*** Opening of STUDY MATERIAL ***
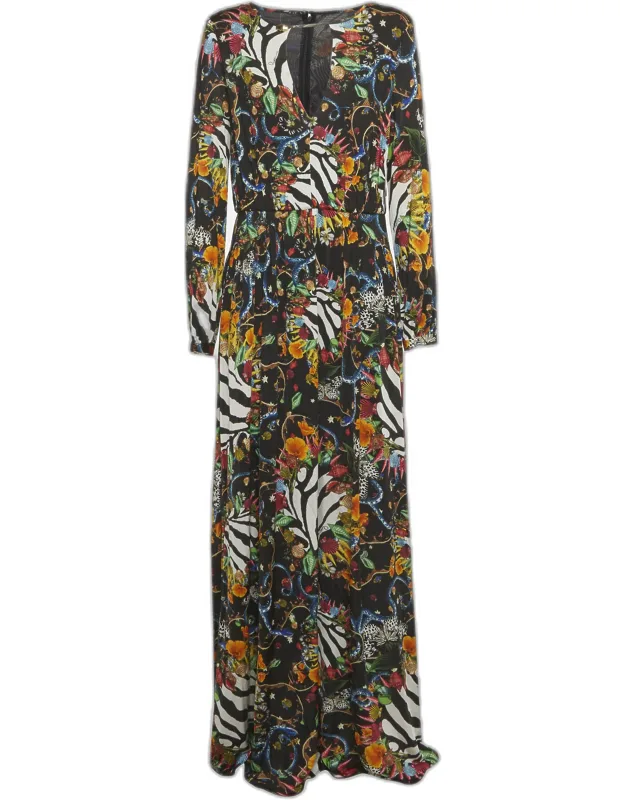 Seashell Printed Jersey Maxi Dress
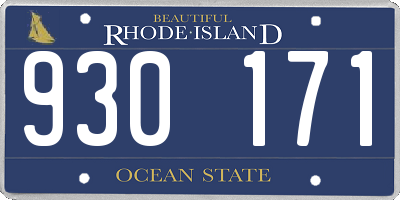 RI license plate 930171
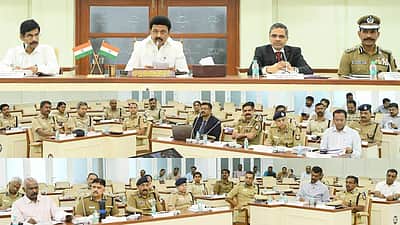 தமிழகத்தில் சட்டம் - ஒழுங்கு குறித்து முதல்வர் ஆலோசனை!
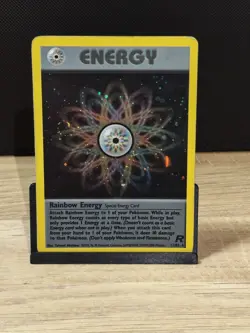 Pokemon TCG Rainbow Energy 17/82 Team Rocket Holo Rare English 2000 WotC - Image 4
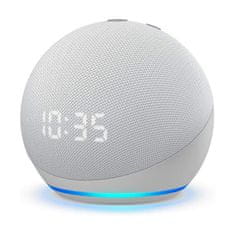 Amazon Amazon Echo Dot 4. generace s hodinami Glacier White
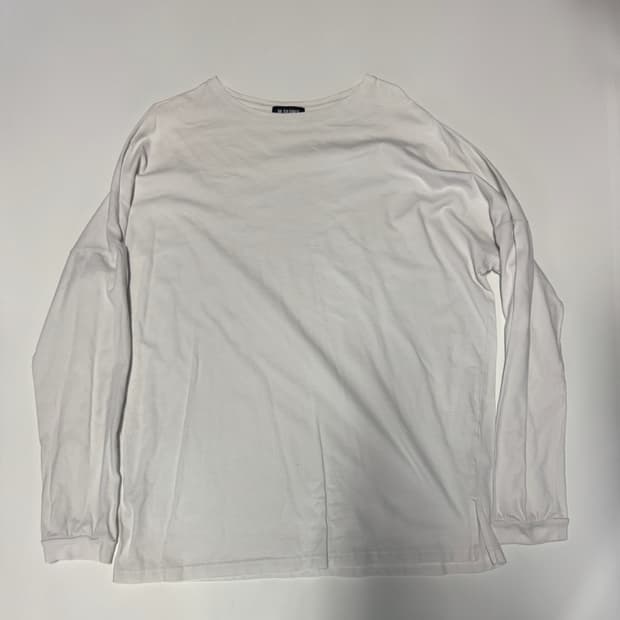 인사일런스 빅 사이즈 화이트 긴팔 티셔츠 2XL~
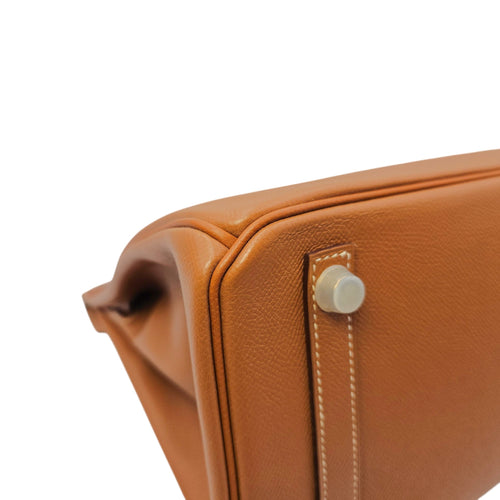 Birkin 30 Gold in Epsom Gold hardware CL2605-21254 7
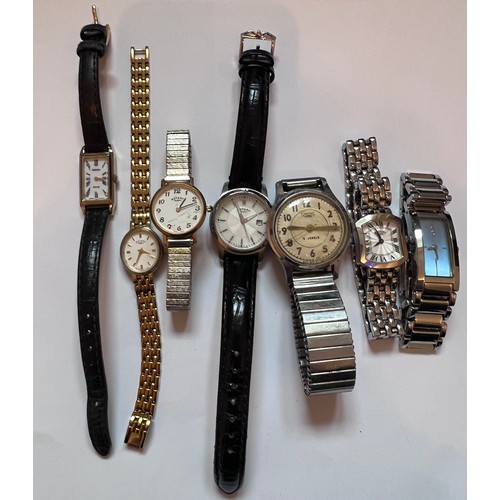 528 - Various watches to include DKNY, Smiths Empire 5 Jewels, Rotary x 4 and a Seiko. With 2 Rotary boxes... 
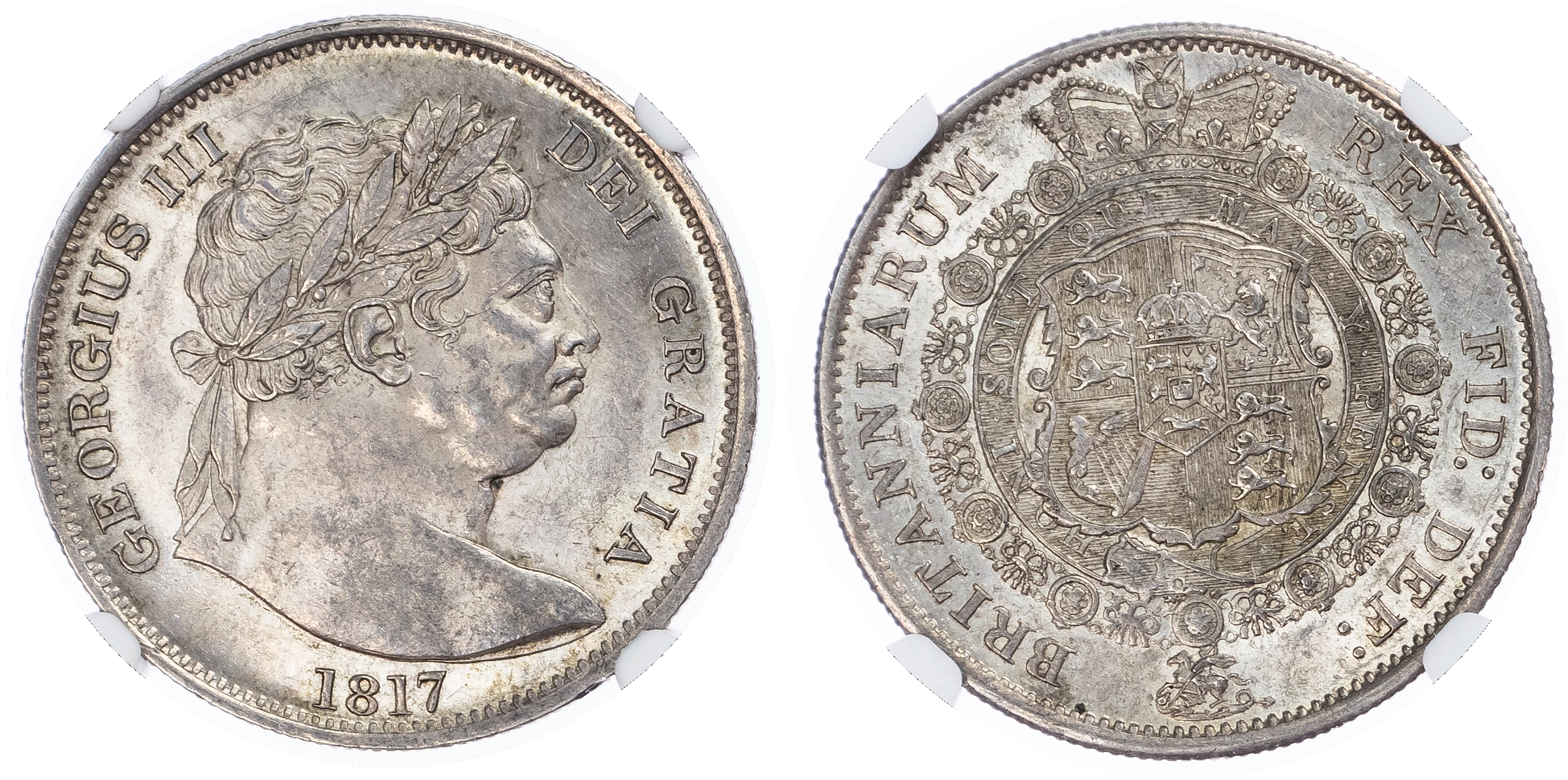 Great Britain. George III AR Halfcrown. Large Head (Bull). 1817.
*** Close of STUDY MATERIAL ***
=== EXERCISE GOAL ===
With the pictures omitted, restate word for word the lines above from the line that has "RI license plate 930171" up to and including the line that has "Birkin 30 Gold", and no other lines.

=== SOLUTION FOR THIS EXERCISE ===
 RI license plate 930171
 தமிழகத்தில் சட்டம் - ஒழுங்கு குறித்து முதல்வர் ஆலோசனை!
 Pokemon TCG Rainbow Energy 17/82 Team Rocket Holo Rare English 2000 WotC - Image 4
 Amazon Amazon Echo Dot 4. generace s hodinami Glacier White
 인사일런스 빅 사이즈 화이트 긴팔 티셔츠 2XL~
 Birkin 30 Gold in Epsom Gold hardware CL2605-21254 7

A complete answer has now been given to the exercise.